Participatory Planning with Aboriginal residents in Arnhem Land

Consultancy for Northern Territory Government Department of Lands, Planning and the Environment
In 2004 Dr Angelique Edmonds led a participatory planning process in Ngukurr, an Aboriginal community in Arnhem Land, under contract to the Northern Territory government. During a year-long residency in Arnhem Land, seven different language groups were engaged in determining the order of their lives and their future living environment.

This project tested and refined cross-cultural approaches to stakeholder management and participatory planning. The project also demonstrates the value of design ethnography as an important method for immersing oneself in the world of others, in order to see patterns of behavior and understand motivations. While creating change is always complex, the project afforded a unique insight into the power and depth of cultural, political, social and historical influence on change processes.

Project partners:
NT Government Department of Lands, Planning and the Environment
Yugul Mangi Council (Arnhem Land NT)
1500 Residents of Ngukurr (from 7 different language groups Alawa, Mara, Ngalakan, Rembarrnga, Nunngubuyu, Warndarrang and Ngandi)

About the project

This consultancy required engagement with the residents of the Ngukurr settlement regarding their preferences for future housing development.

The Indigenous residents in Ngukurr know that the social and environmental consequences (about which their customary life is very careful) of the pursuit of ‘growth’ and ‘possession in abundance’ threaten the sustainability of their country, and thus themselves and the future. They place primary importance on maintaining obligations to kin and country.
Consequently their response to settlement and the way of life it imposes indicate a fundamentally different set of values to that of the colonizers.

These unique values required a unique participatory approach. The community discussed the design of the whole settlement and the systems for living it could offer, rather than focusing only on the design of individual houses.
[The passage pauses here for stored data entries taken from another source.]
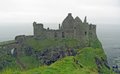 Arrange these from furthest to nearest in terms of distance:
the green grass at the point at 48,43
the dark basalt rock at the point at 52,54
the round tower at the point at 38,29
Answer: the round tower at the point at 38,29 < the green grass at the point at 48,43 < the dark basalt rock at the point at 52,54

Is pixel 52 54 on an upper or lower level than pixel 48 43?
lower

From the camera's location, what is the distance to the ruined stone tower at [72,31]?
113938 millimetres

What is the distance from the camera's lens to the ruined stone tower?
113938 millimetres

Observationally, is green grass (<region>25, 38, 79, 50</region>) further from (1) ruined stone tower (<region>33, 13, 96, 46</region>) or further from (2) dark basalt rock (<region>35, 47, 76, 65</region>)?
(2) dark basalt rock (<region>35, 47, 76, 65</region>)

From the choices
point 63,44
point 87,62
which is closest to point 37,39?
point 63,44

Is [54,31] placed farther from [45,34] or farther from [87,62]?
[87,62]

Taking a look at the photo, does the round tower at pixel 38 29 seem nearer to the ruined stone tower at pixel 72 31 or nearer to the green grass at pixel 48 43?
the ruined stone tower at pixel 72 31

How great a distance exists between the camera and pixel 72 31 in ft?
377

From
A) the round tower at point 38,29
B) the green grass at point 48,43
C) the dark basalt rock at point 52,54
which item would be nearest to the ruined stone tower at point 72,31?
the round tower at point 38,29

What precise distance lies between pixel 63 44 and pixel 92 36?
15.0 metres

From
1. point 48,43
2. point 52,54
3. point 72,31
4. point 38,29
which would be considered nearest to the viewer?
point 52,54

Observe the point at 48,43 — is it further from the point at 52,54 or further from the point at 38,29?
the point at 38,29

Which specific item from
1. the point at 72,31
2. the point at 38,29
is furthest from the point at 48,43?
the point at 72,31

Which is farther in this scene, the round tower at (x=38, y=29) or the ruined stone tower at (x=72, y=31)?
the round tower at (x=38, y=29) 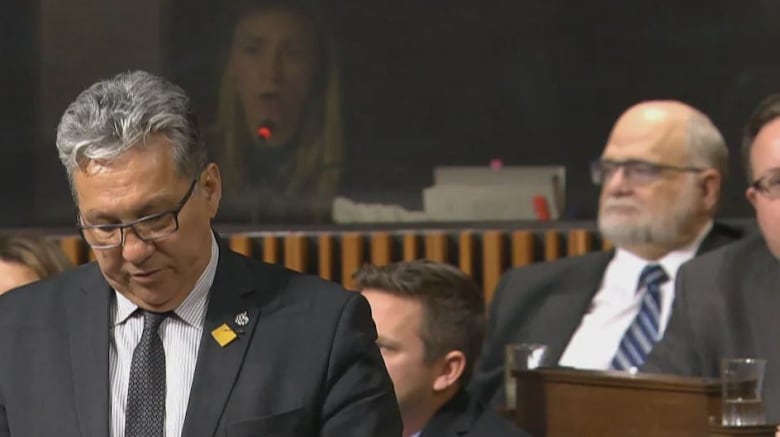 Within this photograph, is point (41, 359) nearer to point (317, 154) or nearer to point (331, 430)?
point (331, 430)

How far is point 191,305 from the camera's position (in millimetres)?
2848

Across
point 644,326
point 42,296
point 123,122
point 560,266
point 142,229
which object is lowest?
point 644,326

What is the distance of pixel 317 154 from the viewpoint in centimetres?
634

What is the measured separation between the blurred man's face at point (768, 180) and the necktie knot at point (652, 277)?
0.90 m

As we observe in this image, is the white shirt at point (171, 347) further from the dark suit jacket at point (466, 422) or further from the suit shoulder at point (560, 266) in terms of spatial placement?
the suit shoulder at point (560, 266)

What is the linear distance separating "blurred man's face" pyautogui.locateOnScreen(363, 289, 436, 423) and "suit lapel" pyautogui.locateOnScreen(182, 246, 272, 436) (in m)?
1.18

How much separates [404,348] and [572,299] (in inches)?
47.8

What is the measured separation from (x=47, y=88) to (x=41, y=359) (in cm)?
365

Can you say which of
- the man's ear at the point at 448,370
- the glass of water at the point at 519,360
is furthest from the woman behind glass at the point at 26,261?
the glass of water at the point at 519,360

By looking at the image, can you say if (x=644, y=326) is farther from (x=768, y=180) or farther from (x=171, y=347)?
(x=171, y=347)

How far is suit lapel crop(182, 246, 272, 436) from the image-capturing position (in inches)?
108

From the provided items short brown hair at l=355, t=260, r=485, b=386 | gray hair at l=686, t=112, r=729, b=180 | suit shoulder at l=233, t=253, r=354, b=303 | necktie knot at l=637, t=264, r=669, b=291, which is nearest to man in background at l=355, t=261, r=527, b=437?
short brown hair at l=355, t=260, r=485, b=386

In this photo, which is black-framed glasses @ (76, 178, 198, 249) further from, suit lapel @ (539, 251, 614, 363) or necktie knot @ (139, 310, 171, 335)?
suit lapel @ (539, 251, 614, 363)

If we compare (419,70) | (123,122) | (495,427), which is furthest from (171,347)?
(419,70) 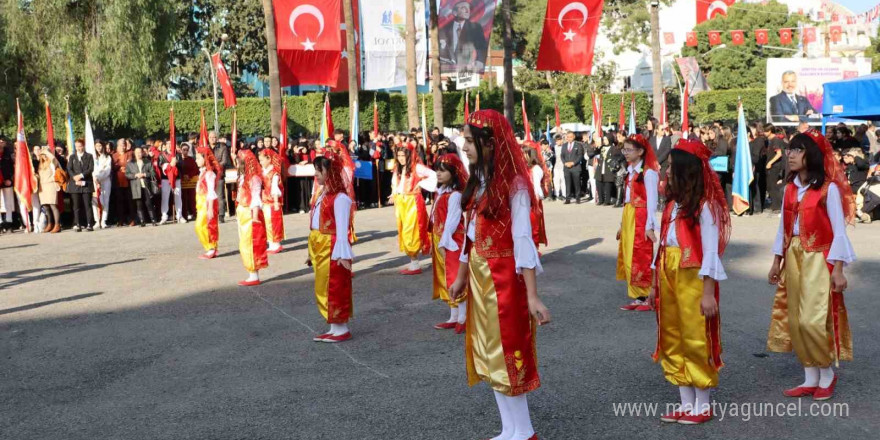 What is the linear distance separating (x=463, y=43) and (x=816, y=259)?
34077 millimetres

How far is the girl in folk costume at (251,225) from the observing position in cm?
1080

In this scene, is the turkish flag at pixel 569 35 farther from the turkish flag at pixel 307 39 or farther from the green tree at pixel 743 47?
the green tree at pixel 743 47

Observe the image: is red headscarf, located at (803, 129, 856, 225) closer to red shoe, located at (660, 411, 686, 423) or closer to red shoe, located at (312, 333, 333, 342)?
red shoe, located at (660, 411, 686, 423)

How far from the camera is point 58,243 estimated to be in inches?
619

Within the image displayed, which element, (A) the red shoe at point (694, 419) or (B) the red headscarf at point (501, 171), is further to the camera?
(A) the red shoe at point (694, 419)

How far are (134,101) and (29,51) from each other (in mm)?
3330

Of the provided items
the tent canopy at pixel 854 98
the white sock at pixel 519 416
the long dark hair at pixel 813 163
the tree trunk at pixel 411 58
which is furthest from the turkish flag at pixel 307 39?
the white sock at pixel 519 416

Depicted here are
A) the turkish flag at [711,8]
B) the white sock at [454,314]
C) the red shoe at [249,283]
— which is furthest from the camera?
the turkish flag at [711,8]

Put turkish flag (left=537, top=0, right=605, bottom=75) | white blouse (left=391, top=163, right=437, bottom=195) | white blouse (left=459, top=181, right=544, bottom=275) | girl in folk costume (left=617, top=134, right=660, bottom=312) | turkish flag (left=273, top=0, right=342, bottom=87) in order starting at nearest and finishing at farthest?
white blouse (left=459, top=181, right=544, bottom=275) < girl in folk costume (left=617, top=134, right=660, bottom=312) < white blouse (left=391, top=163, right=437, bottom=195) < turkish flag (left=537, top=0, right=605, bottom=75) < turkish flag (left=273, top=0, right=342, bottom=87)

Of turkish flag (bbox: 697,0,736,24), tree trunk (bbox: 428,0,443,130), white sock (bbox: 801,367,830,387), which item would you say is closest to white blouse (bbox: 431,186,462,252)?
white sock (bbox: 801,367,830,387)

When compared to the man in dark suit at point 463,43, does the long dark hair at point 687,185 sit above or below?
below

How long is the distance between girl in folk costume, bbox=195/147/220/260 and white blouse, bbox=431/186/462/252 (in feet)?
15.5

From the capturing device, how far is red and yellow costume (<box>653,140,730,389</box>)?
17.3 feet

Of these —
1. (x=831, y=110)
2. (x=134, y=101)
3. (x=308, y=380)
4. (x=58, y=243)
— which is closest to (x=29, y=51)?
(x=134, y=101) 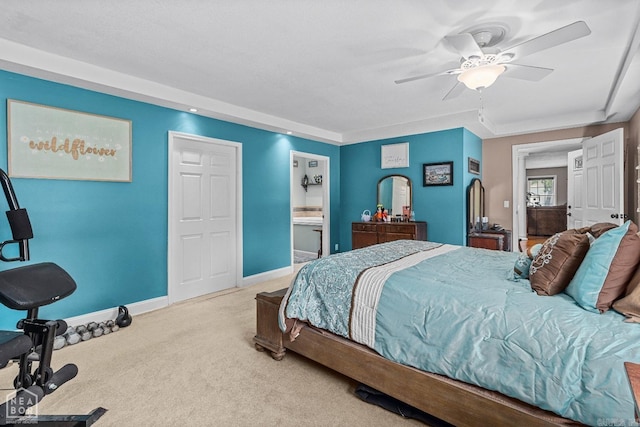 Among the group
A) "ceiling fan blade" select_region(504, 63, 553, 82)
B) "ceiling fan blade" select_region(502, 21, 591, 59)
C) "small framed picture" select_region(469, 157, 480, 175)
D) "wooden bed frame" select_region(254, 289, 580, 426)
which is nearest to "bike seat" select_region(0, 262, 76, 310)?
"wooden bed frame" select_region(254, 289, 580, 426)

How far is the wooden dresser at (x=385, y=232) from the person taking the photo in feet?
15.8

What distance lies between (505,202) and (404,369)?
474 cm

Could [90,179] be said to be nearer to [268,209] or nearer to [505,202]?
[268,209]

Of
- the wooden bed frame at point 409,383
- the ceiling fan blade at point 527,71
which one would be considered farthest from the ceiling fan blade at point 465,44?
the wooden bed frame at point 409,383

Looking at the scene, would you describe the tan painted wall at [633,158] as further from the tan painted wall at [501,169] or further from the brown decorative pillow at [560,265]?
the brown decorative pillow at [560,265]

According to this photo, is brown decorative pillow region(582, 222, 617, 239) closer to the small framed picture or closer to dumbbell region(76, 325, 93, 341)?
the small framed picture

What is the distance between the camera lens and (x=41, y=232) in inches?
109

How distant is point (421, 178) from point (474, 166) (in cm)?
93

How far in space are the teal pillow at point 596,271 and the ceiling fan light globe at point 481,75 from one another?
1434 mm

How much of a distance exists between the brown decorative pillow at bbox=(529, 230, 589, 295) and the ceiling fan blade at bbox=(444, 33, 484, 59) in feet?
4.48

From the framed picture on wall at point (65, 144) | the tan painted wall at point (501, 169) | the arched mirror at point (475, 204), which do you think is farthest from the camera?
the tan painted wall at point (501, 169)

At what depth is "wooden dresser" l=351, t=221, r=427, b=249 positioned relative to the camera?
4.82 m

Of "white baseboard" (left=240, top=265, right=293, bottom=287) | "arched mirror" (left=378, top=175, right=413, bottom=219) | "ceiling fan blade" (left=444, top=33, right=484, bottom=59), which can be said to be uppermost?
"ceiling fan blade" (left=444, top=33, right=484, bottom=59)

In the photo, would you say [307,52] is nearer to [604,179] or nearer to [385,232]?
[385,232] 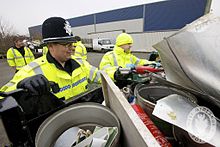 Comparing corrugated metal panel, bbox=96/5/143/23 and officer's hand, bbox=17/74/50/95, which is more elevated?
corrugated metal panel, bbox=96/5/143/23

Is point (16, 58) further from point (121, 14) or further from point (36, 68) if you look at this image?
point (121, 14)

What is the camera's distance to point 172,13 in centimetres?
1423

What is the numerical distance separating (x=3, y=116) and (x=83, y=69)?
3.50 ft

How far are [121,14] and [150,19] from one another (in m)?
4.92

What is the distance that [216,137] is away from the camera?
1.20 ft

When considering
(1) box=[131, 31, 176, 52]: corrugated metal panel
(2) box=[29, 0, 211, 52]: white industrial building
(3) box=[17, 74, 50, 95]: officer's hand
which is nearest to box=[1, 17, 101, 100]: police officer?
(3) box=[17, 74, 50, 95]: officer's hand

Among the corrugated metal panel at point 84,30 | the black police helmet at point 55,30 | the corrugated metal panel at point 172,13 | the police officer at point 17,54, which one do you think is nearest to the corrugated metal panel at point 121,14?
the corrugated metal panel at point 172,13

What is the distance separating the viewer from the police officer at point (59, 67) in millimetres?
1155

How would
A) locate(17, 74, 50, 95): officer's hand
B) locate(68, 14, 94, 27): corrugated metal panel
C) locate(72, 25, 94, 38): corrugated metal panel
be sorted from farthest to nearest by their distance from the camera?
locate(72, 25, 94, 38): corrugated metal panel, locate(68, 14, 94, 27): corrugated metal panel, locate(17, 74, 50, 95): officer's hand

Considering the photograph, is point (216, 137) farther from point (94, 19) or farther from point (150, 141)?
point (94, 19)

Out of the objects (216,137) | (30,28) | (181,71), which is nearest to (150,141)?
(216,137)

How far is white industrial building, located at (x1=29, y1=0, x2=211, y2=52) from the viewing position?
43.2 ft

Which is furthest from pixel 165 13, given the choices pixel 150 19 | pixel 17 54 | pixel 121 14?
pixel 17 54

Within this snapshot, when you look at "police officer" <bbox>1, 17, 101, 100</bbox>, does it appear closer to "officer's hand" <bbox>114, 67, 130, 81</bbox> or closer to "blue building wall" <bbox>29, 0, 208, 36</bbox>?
"officer's hand" <bbox>114, 67, 130, 81</bbox> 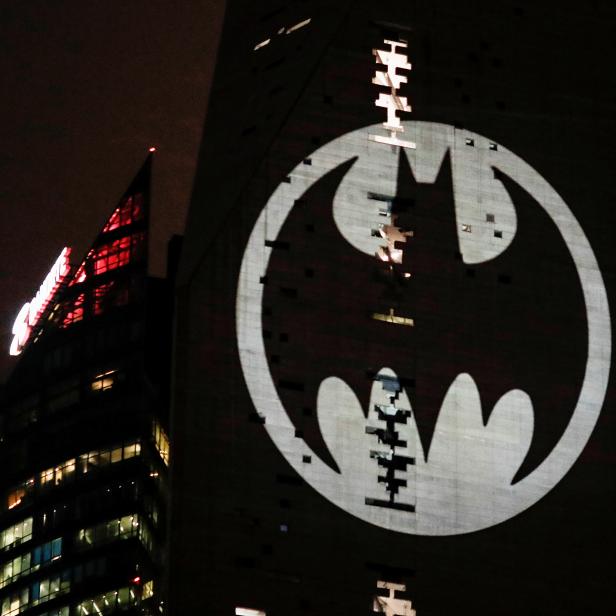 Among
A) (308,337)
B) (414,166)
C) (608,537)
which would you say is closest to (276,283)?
(308,337)

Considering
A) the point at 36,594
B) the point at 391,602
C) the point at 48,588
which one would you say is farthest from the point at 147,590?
the point at 391,602

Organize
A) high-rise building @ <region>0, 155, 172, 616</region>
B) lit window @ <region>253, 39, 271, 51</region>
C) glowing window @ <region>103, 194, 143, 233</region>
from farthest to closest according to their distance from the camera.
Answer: glowing window @ <region>103, 194, 143, 233</region>
high-rise building @ <region>0, 155, 172, 616</region>
lit window @ <region>253, 39, 271, 51</region>

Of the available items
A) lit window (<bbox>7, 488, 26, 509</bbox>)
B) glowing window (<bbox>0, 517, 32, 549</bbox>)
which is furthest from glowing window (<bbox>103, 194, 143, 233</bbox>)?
glowing window (<bbox>0, 517, 32, 549</bbox>)

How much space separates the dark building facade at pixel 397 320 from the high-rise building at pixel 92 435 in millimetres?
16801

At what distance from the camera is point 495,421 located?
6938 centimetres

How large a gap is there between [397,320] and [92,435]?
21.2 meters

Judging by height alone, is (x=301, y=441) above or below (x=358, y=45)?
below

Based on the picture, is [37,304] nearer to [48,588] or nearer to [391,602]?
[48,588]

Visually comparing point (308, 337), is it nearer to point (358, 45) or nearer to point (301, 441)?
point (301, 441)

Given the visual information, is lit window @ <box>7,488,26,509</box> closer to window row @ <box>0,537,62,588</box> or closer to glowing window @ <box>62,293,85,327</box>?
window row @ <box>0,537,62,588</box>

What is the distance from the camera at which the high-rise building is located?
8369 cm

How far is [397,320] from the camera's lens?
2734 inches

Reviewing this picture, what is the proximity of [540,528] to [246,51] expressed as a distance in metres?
16.7

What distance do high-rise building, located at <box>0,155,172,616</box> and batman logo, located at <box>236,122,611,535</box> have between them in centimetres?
1668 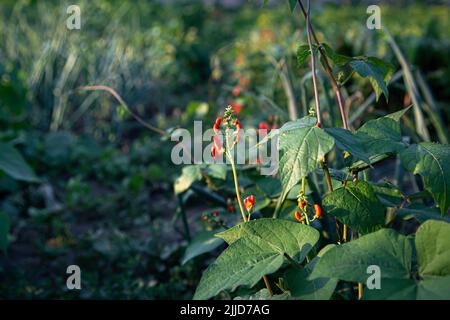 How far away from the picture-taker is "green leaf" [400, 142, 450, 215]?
121 cm

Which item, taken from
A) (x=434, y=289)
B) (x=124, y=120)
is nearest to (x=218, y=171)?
(x=434, y=289)

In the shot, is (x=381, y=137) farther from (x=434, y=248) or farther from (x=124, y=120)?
(x=124, y=120)

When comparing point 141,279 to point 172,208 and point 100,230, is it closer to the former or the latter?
point 100,230

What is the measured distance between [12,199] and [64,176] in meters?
0.53

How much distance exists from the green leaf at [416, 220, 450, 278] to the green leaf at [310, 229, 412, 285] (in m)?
0.03

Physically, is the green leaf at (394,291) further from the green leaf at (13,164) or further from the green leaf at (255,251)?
the green leaf at (13,164)

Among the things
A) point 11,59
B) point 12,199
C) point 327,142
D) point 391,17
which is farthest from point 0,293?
point 391,17

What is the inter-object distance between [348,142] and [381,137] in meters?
0.15

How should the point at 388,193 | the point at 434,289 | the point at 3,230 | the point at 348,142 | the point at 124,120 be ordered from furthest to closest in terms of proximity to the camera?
the point at 124,120 < the point at 3,230 < the point at 388,193 < the point at 348,142 < the point at 434,289

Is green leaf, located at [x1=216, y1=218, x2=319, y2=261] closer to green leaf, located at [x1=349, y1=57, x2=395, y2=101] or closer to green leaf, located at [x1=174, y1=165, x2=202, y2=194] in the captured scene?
green leaf, located at [x1=349, y1=57, x2=395, y2=101]

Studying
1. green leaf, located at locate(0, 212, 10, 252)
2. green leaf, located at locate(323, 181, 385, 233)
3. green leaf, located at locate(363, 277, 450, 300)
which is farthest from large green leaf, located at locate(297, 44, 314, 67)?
green leaf, located at locate(0, 212, 10, 252)

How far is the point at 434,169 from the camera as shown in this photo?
4.00ft

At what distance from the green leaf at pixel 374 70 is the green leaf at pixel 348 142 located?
16 cm

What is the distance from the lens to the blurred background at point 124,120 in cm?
230
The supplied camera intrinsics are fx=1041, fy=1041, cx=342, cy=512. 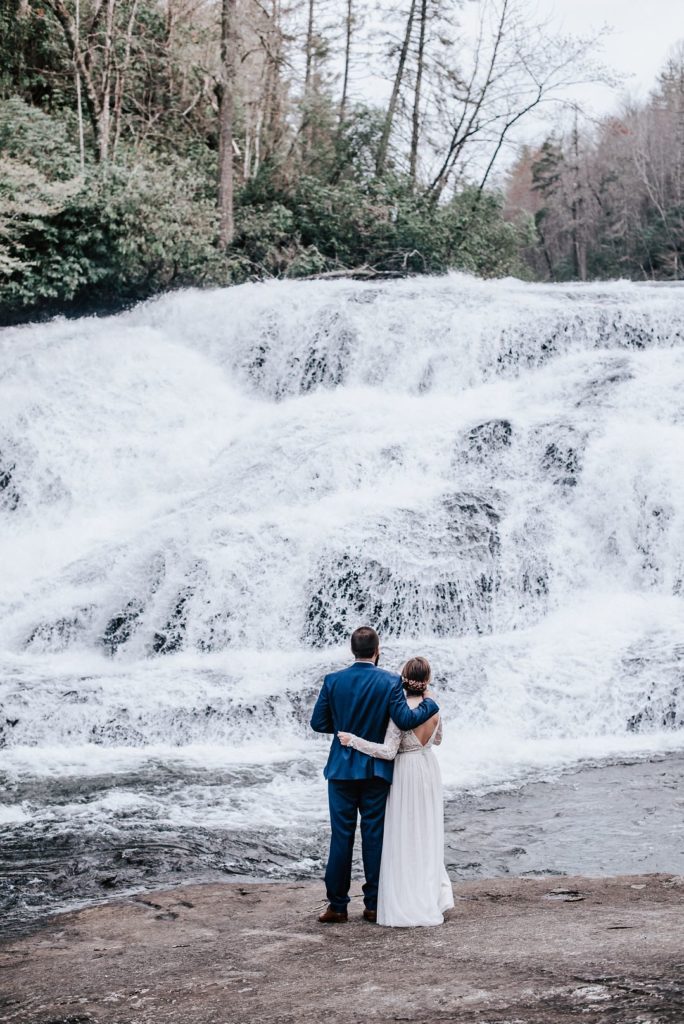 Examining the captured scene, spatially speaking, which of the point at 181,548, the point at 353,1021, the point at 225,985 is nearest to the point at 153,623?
the point at 181,548

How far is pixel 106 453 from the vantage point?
1460 cm

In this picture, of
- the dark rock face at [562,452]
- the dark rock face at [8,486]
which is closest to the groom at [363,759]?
the dark rock face at [562,452]

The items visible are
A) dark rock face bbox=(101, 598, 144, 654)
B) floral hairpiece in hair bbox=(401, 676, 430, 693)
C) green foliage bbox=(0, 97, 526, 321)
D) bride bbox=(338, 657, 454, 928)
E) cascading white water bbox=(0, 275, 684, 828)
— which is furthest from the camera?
green foliage bbox=(0, 97, 526, 321)

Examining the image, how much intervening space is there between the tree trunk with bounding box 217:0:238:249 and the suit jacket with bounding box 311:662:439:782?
18.3 metres

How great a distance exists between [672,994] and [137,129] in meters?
23.9

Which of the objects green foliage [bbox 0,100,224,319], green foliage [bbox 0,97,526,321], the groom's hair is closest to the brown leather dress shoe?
the groom's hair

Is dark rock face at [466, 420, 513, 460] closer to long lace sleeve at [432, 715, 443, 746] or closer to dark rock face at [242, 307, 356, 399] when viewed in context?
dark rock face at [242, 307, 356, 399]

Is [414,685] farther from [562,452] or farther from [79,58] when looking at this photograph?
[79,58]

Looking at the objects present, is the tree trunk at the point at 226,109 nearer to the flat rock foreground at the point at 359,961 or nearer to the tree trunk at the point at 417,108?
the tree trunk at the point at 417,108

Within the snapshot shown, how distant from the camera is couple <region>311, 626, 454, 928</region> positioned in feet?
15.4

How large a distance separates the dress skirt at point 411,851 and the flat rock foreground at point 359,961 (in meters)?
0.11

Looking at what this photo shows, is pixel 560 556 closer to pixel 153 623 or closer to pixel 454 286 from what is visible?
pixel 153 623

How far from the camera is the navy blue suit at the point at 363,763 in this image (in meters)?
4.70

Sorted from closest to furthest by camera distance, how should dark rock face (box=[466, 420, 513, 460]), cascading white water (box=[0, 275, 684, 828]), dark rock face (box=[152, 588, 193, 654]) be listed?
cascading white water (box=[0, 275, 684, 828])
dark rock face (box=[152, 588, 193, 654])
dark rock face (box=[466, 420, 513, 460]) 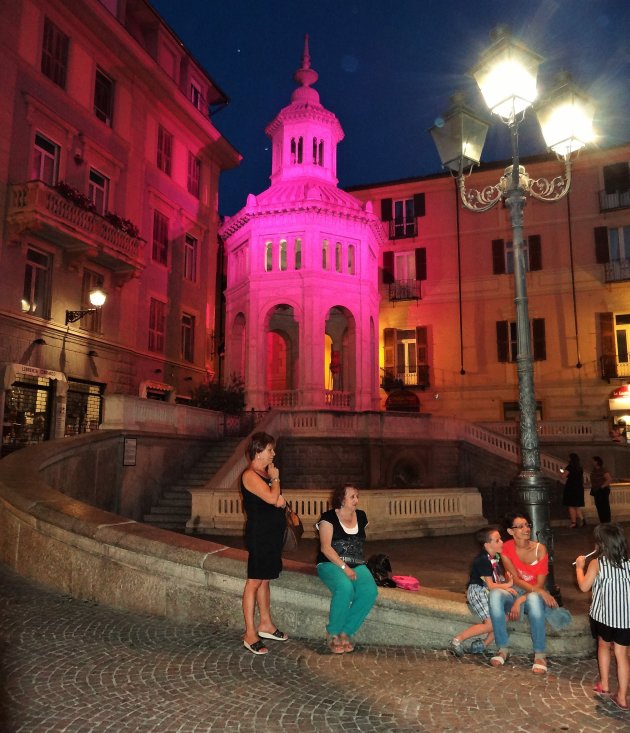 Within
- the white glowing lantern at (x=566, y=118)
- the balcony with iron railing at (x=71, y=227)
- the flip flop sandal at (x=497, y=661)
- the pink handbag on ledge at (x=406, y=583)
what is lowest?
the flip flop sandal at (x=497, y=661)

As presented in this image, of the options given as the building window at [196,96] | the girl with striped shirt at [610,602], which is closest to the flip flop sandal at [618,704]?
the girl with striped shirt at [610,602]

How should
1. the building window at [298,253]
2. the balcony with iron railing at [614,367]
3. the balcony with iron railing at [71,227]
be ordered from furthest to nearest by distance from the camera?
the balcony with iron railing at [614,367]
the building window at [298,253]
the balcony with iron railing at [71,227]

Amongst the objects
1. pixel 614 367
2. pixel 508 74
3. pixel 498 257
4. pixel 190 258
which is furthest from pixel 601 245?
pixel 508 74

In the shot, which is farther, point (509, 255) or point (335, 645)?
point (509, 255)

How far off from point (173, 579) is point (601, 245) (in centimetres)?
2710

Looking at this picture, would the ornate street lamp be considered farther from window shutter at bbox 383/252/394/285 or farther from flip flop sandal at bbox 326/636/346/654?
window shutter at bbox 383/252/394/285

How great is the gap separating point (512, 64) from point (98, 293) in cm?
1193

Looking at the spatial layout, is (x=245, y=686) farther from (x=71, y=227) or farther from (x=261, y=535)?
(x=71, y=227)

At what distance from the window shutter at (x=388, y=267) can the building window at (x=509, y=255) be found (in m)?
5.20

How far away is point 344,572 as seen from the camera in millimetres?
5020

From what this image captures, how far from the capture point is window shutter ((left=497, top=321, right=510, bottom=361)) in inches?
1097

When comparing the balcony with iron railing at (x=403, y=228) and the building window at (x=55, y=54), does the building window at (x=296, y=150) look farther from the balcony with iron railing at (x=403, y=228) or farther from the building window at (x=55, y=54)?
the building window at (x=55, y=54)

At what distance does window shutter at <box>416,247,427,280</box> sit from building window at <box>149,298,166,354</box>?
537 inches

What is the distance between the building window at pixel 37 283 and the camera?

This process required hours of discussion in groups, in family clans and with elected representatives from both within the community and in neighbouring communities and outstations.

As some residents weren’t accustomed to reading 2D maps of the settlement, Angelique built a model of the settlement at 1:1000 which allowed people to physically demonstrate the areas they were speaking about. Options were refined, reworked and updated consistently throughout the process in response to people’s feedback and new ideas.
Life in Ngukurr is subject to multiple authorities, exercised through traditional law, through the church (the settlement was established as a Mission a century ago), and the locally elected council. At times the spokespeople for these authorities did not agree, and a large portion of the process was dedicated to mediation of conflict, and seeking common ground in planning for a shared vision of the future.

The consultancy contract formed the fieldwork component of a PhD (completed in 2007) which focused on The Place of Aboriginal Agency, Autonomy and Authority in the Roper River Region of Northern Australia.